Critical Mass

Remembering Two Rays

By NBCC


NBCC Sandrof award winner Bill Henderson, founder and editor of the Pushcart Press, invoked the memories of two Rays—Raymond Carver and Ray Smith—as he introduced readings from the Pushcart Prize anthologies last night in the “Selected Shorts” series at Symphony Space. “In 1974 a small publication called Spectrum published a short story called ‘So Much Water So Close to Home’ by a new writer named Raymond Carver,” he said.“That story was in the first Pushcart Prize anthology…and some thirty years later it became a movie starring Laura Linney and Gabriel Byrne.”
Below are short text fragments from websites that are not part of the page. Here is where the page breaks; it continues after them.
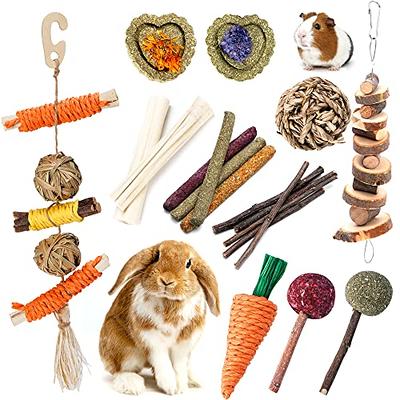 Natural Wooden Chew Toys For Rabbit Enrichment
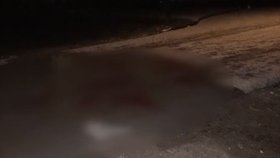 Osmiletá holčička zemřela po srážce s dodávkou odtahové služby.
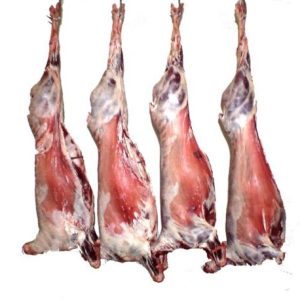 Frozen sheep/ mutton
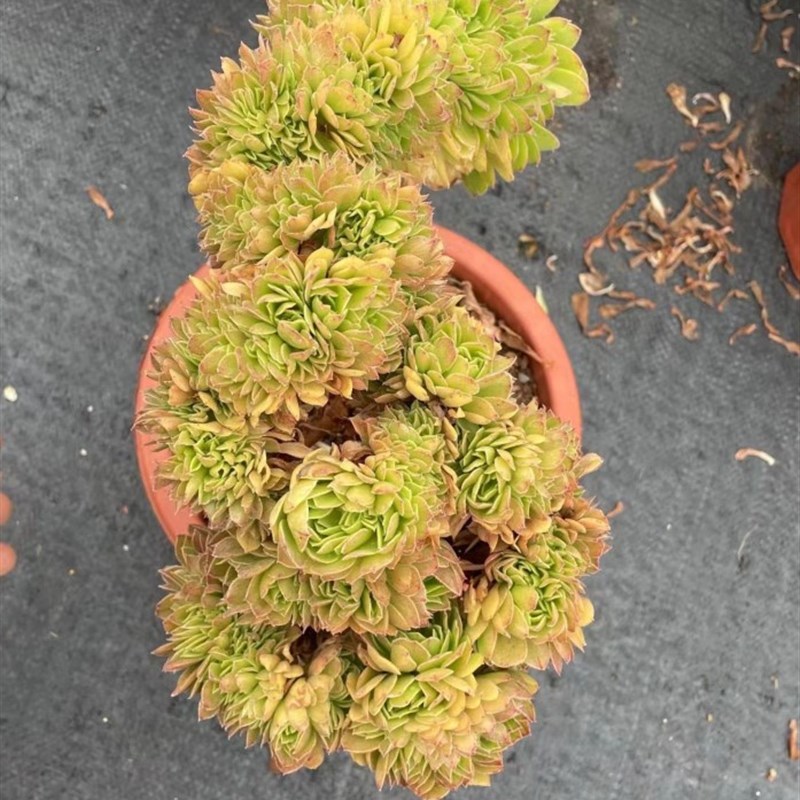 法师多肉万圣节沙拉碗缀化朵朵状态老桩多头缀化妖桩盆栽植物花卉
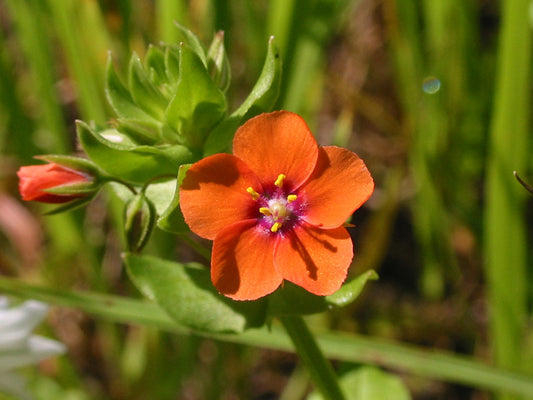 Scarlet Pimpernel Anagallis arvensis 100 Seeds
Henderson dedicated the reading to Ray Smith, long-time editor of the Ontario Review, who died last month. Two of the Pushcart award winning three stories in the reading—Andrew Porter’s “Departure” and Stuart Dybek’s “Blowing Shades”—first appeared in the Ontario Review, which has frequently been included in the Pushcart anthologies. (The Pushcart Prize Best of the Small Presses anthology was first published in 1976, with a group of founding editors including Ralph Ellison, Joyce Carol Oates, Paul Bowles and Reynolds Price.)

Henderson called Smith, who lived with his wife, Joyce Carol Oates, in Princeton, NJ., a classic small press editor, modest, hard working, pouring his energies into The Ontario Review as a labor of love. Smith published one of Henderson’s short stories in The Ontario Review in 1974; the story later was listed by Martha Foley in the back of the “Best Short Story” anthology. “I was not just a reject after all,” Henderson said. “And that mention gave me the inspiration to start the Pushcart Prize the next year.” 

The Pushcart stories, “Departure,” read by actor Khris Lewin; “Blowing Shades,” read by James Naughton, and Steven Millhauster’s “The Dome,” read by Alec Baldwin, will be aired later this year on NPR’s “Selected Shorts” series.